Input data:
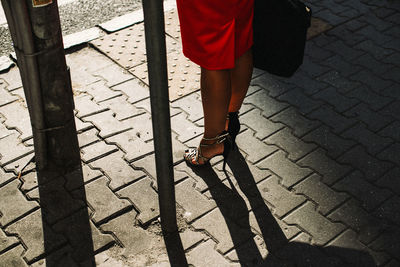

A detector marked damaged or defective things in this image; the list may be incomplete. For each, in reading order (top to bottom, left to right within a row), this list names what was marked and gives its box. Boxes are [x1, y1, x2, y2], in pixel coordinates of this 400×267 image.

rusty metal post [142, 0, 177, 233]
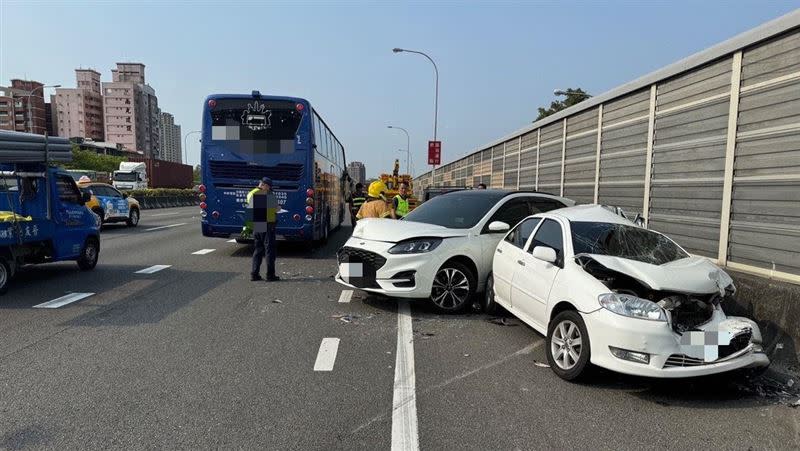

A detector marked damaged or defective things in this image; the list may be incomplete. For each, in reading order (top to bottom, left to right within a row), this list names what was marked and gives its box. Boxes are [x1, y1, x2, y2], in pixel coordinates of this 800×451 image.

damaged car hood [352, 219, 468, 244]
damaged car hood [580, 256, 732, 294]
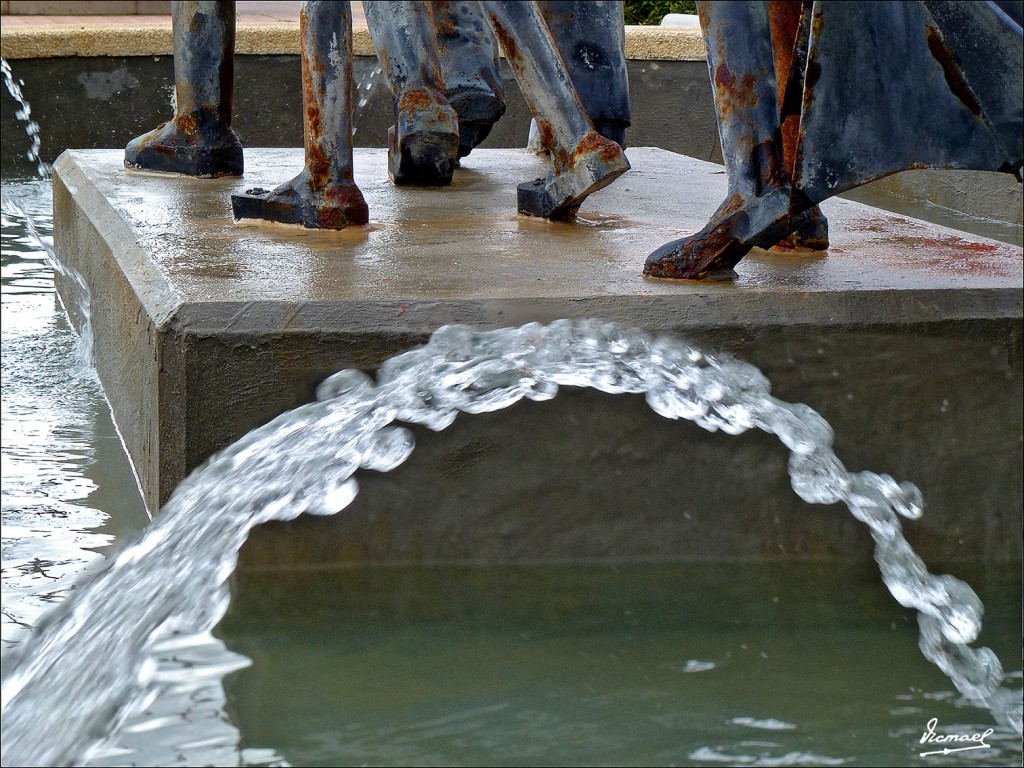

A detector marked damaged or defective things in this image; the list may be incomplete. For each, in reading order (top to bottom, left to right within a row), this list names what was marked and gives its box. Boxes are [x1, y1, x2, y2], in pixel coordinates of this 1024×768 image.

oxidized iron [124, 0, 242, 177]
oxidized iron [230, 0, 366, 228]
rusty metal statue [364, 0, 628, 216]
oxidized iron [648, 0, 1024, 280]
rusty metal statue [648, 0, 1024, 282]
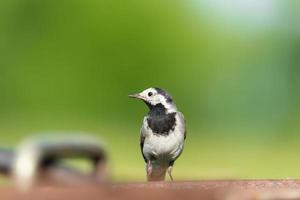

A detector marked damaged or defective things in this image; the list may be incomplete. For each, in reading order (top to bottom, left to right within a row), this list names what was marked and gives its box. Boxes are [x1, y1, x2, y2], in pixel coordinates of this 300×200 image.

rusty brown surface [0, 180, 300, 200]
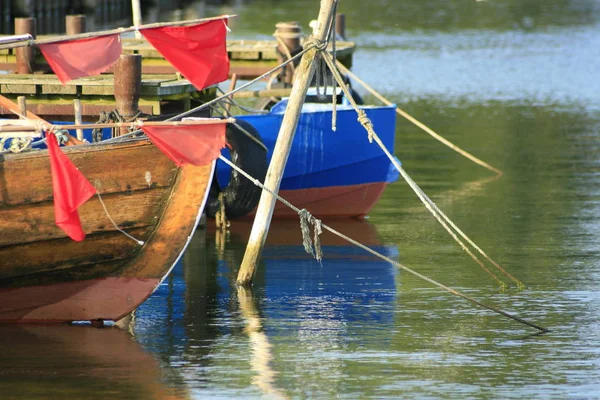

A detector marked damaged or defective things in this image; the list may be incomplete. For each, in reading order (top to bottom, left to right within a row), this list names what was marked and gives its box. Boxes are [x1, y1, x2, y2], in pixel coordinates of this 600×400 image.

rusty metal post [14, 18, 36, 74]
rusty metal post [65, 14, 85, 34]
rusty metal post [276, 21, 304, 85]
rusty metal post [112, 54, 142, 136]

What is required: Images stay out; the entries above are to be printed exactly.

The answer:
A detector marked damaged or defective things in this image; the list may be incomplete. For each, in reading order (top to bottom, left to right within a row), this list names what was marked and gives its box. Boxes are [x1, y1, x2, y2], in pixel coordinates of this 400×267 image.

rusty metal post [142, 0, 177, 233]

A detector marked damaged or defective things in this image; the list may be incomplete. For each, in reading order (top to bottom, left to right within a row), this list names what was marked and gives its box. Boxes are [x1, y1, x2, y2], in pixel coordinates of this 800×451 image.

damaged car hood [352, 219, 468, 244]
damaged car hood [580, 256, 732, 294]

A detector marked damaged or defective things in this image; the list may be incomplete. For each, in reading order (top to bottom, left to right within a row), this list names what was marked and gives its box. Boxes are [x1, y1, x2, y2], in pixel coordinates of this 1024×768 image.

oxidized iron [124, 0, 242, 177]
oxidized iron [230, 0, 366, 228]
rusty metal statue [364, 0, 628, 216]
oxidized iron [648, 0, 1024, 280]
rusty metal statue [648, 0, 1024, 282]

A detector marked damaged or defective things in this image; the list may be incomplete. For each, in reading order (top to bottom, left to right within a row), this list names what was marked and gives its box. Boxes are [x1, y1, x2, y2], in pixel coordinates of this 300×200 image.

rusty brown surface [0, 180, 300, 200]

A detector marked damaged or defective things in this image; the list may be incomplete. For each, in reading order (top to bottom, left to right within a row), this list names what was marked and gives its box. Boxes are [x1, y1, x2, y2], in pixel coordinates of this 600×400 image.

rusty metal post [14, 18, 36, 74]
rusty metal post [65, 14, 85, 34]
rusty metal post [276, 21, 304, 85]
rusty metal post [112, 54, 142, 136]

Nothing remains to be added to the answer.